21. When suspending your campaign, go directly to Washington D.C., do not make a stop for an interview, and mosey into town a day late and without a plan, do not pass go, do not collect $200.
22. Apparently, one of the primary means of gaining foreign policy experience is proximity.
23. In choosing a vice presidential running mate, choosing an unknown quantity means you’re getting an unknown quantity.
24. It takes more than a fresh coat of lipstick to make a pitbull or a pig look intelligent.
25. When choosing a running mate to parrot talking points, sometimes choosing a parrot would be more effective.

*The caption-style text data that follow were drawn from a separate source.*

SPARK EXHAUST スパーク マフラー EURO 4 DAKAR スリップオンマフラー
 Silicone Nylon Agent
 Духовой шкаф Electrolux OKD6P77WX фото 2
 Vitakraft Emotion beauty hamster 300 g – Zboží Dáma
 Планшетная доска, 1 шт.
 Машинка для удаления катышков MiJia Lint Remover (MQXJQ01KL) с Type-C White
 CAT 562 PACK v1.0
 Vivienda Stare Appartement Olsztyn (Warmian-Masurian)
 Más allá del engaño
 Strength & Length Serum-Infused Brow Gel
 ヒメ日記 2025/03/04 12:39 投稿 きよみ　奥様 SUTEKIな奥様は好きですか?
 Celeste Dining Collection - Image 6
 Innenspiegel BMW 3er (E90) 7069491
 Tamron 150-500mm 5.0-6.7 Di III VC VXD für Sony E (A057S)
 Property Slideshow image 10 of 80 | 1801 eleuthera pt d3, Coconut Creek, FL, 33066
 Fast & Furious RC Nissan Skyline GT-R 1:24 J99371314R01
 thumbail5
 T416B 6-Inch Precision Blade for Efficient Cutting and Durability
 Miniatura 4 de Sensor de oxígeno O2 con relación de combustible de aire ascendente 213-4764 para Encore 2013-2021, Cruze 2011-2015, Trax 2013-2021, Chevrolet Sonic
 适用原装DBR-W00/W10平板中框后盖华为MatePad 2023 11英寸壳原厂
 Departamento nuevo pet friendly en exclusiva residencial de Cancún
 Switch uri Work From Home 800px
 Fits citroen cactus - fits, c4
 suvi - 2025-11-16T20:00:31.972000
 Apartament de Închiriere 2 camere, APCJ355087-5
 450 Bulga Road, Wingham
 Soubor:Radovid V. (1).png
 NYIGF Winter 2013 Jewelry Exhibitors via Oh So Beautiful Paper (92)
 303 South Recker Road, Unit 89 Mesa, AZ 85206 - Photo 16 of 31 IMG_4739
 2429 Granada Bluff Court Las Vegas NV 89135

26. Guilt by association is hard to make stick, and not a valid campaign strategy.
27. You can neither put lipstick on a pig, nor designer labels on an Alaskan governor
28. The person leading us into our science fiction future should be able to use email
29. I never want to hear the word “maverick” again
30. knowing how many houses you have is a pretty important piece of information
31. You can’t see Russia from Wasilla. Not even with really good binoculars.
32. Republican women appear to be either hausfraus or Nazi Dominatrixes.
33. No matter what bad things you say about the Democrats, if you smile nicely and plead a little they’ll let you back into the club.
34. Florida’s 16th District has really bad cooties
35. According to Michele Bachmann, we don’t have to worry about the environment because Jesus saved us.
36. The investigation into anti-American politicians should start in Minnesota’s 6th district
37. You are what you eat applies equally to eaters and FoxNews Viewers.
38. Ann Coulter is a hate crime
39. Chuck Norris may have a roundhouse kick that can deflect asteroids, but he’d never win a political debate.
40. The media sucks at the teat more than bites the hand that feeds. So many opportunities for hard follow-up questions lost.
41. Watching Fox News on a Democratic victory night is the best show in town.
42. It is increasingly difficult to get away with lies due to the internet and bloggers. This is the up side of the Schwartz.
43. The media is going vigilante with blogs. This is the downside of the Schwartz.
44. Even though the Huffington Post doesn’t pay its contributors, it still plagiarizes.
45. Thanks to in-depth reporting that holds itself to high standards, we now know exactly what it looks like when you put lipstick on a pig.
46. The Bradley effect no longer exists, if it ever did.
47. It is entirely possible that people just didn’t like Bradley.
48. Religion is beginning to be a political faultline
49. When running for political office, don’t piss off David Letterman.
50. The Free market value of a Senate seat in Illinois will likely be measured in time, not dollars.
51. When running on a cleaning up corruption platform, it helps to not be corrupt yourself, Blago.
52. When choosing a governor in Illinois, the lesser of two evils is still pretty evil.
53. It’s good to be the king, not so much to be Elliot Spitzer.
54. Getting your ex brother in law fired is more trouble than it is worth.
55. Congrats to the 48 other governors who didn’t make a spectacle of themselves.
56. Roland Burris is now Rod Blagojevich’s middle finger.
57. What happens in an airport bathroom in Minnesota does not stay in an airport bathroom in Minnesota, and the court won’t let you take it back either.
58. The Fundamentals of our economy are not strong
59. When Congress asks you for a plan before they give you bailout money, have a plan ready to go.
60. Free Market Libertarians are wrong.
61. The Market doesn’t know what’s best for it.
62. If the returns on investment are too good to be true, they probably are.
63. Ponzi is more than a fun word to say.
64. Madoff is a name “Made Off” is a verb phrase that should be preceded by “almost”
65. Chinese democracy is possible, but it will take far too long, cost far too much, and ultimately be disappointing.
66. When faced with the choice of maybe losing a Senate seat to the Republicans or leaving the choice in the hands of a corrupt governor, Illinois Democrats are just as timid as their Senate Big Brothers.
67. There is one thing that we can all agree the Bush Administration did right: the Anti-Telemarketer no-call list.
68. Say good bye to the two worst presidents we’ve ever had, Cheney and What’s his name.